Chaotic systems are not random. In fact, the underlying maths can be quite simple. It is their sensitivity to initial conditions that makes them so unpredictable.

This is sometimes known as the “butterfly effect” which is the poetic idea that a butterfly’s wings can change the course of a tornado halfway around the world.

Chaotic behaviour exists in many natural systems, including weather, climate and road traffic.

History

The idea that small changes can lead to very different results started to appear in the late 1800s.

French mathematician Henri Poincaré noticed that it was possible for some planets to have an orbit that never repeated. Later, another French mathematician, Jacques Hadamard, devised a game of billiards where two balls starting very close together would result in very different paths. These observations would later become important features of chaos theory.

In the 1960s, American mathematician Edward Lorenz noticed that small changes in weather simulations lead to very different results. This showed that even very precise measurements cannot be used to make long-term weather predictions.

People

Henri Poincaré 1854 – 1912
Poincare was a French mathematician and theoretical physicist. In the 1880s, Poincare was studying complex orbits of planets (the three body problem), when he found that there could be orbits that never repeated, an important feature of modern chaos theory.

Poincare’s conjecture was a question about spheres in four dimensions. It was one of the great unsolved problems of 20th century mathematics and was worth one million dollars. The problem was solved in 2003 by Russian mathematician Grigori Perelman.

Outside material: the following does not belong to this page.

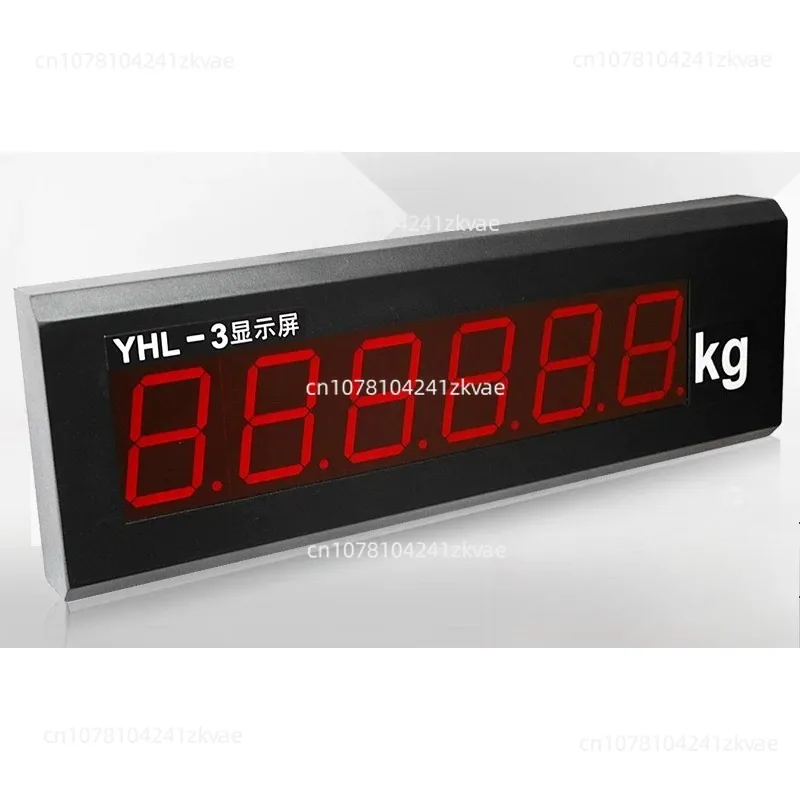 Inch 5 Inch 8 Inch Car Scale Display Screen Electronic Scale Camera Large Screen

Edward Norton Lorenz 1917 – 2008
Lorenz was an American mathematician and meteorologist. In the 1950s, Lorenz started using computers to forecast weather based on observational data. In 1961, noticed that small changes in initial conditions lead to large long-term changes. This observation was one of the foundations of Chaos Theory.

Applications

The effects of chaos theory are found in weather forecasting, so even with very accurate measurements it is impossible to predict weather patterns more than ten days in advance.

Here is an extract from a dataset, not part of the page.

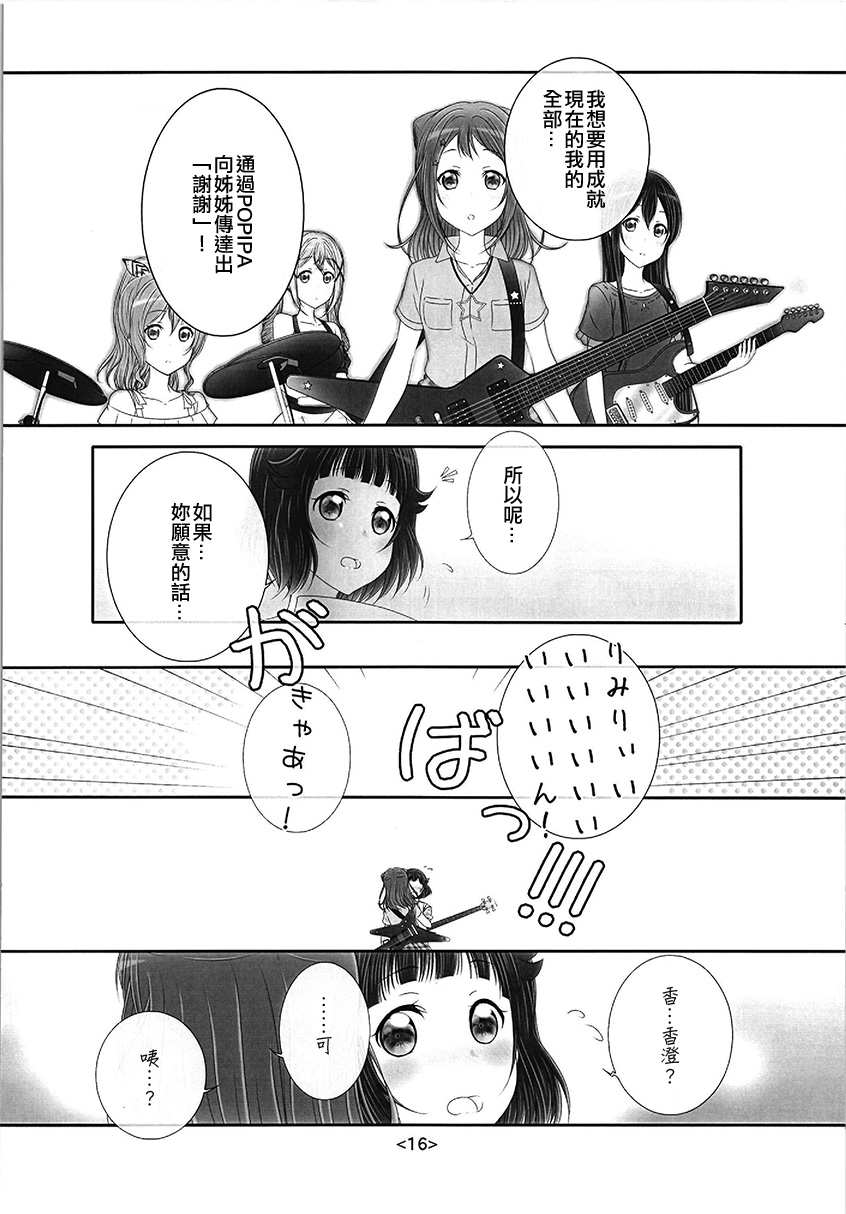 你予我之物韩漫全集-短篇无删减无遮挡章节图片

Chaos effects are very useful in cryptography, where repeated applications of simple ciphers on two similar messages end up giving very different results. This makes secret messages much harder to work out.

Chaos can also be found in ecology (where certain species exhibit chaotic behaviour in population growth), robotics (where robots are designed to explore their environment chaotically), and AI (where similar inputs can produce different results).

Maths at Home

The shape of a wave is called a trochoid, and it is the shape traced by a point on a circle as it rolls along the ground.

The point tracing the wave doesn’t have to be on the edge of the circle, it can be a point inside the circle as well. This will create smaller, flatter waves.

Try to make a wave shape yourself using this online Spirograph (called Inspirograph) https://nathanfriend.io/inspirograph/

What do you need to make a wave shape? How does the shape change when you use a point closer to the edge or closer to the centre?

From the circle, what is the distance between peaks? What is the height of the wave?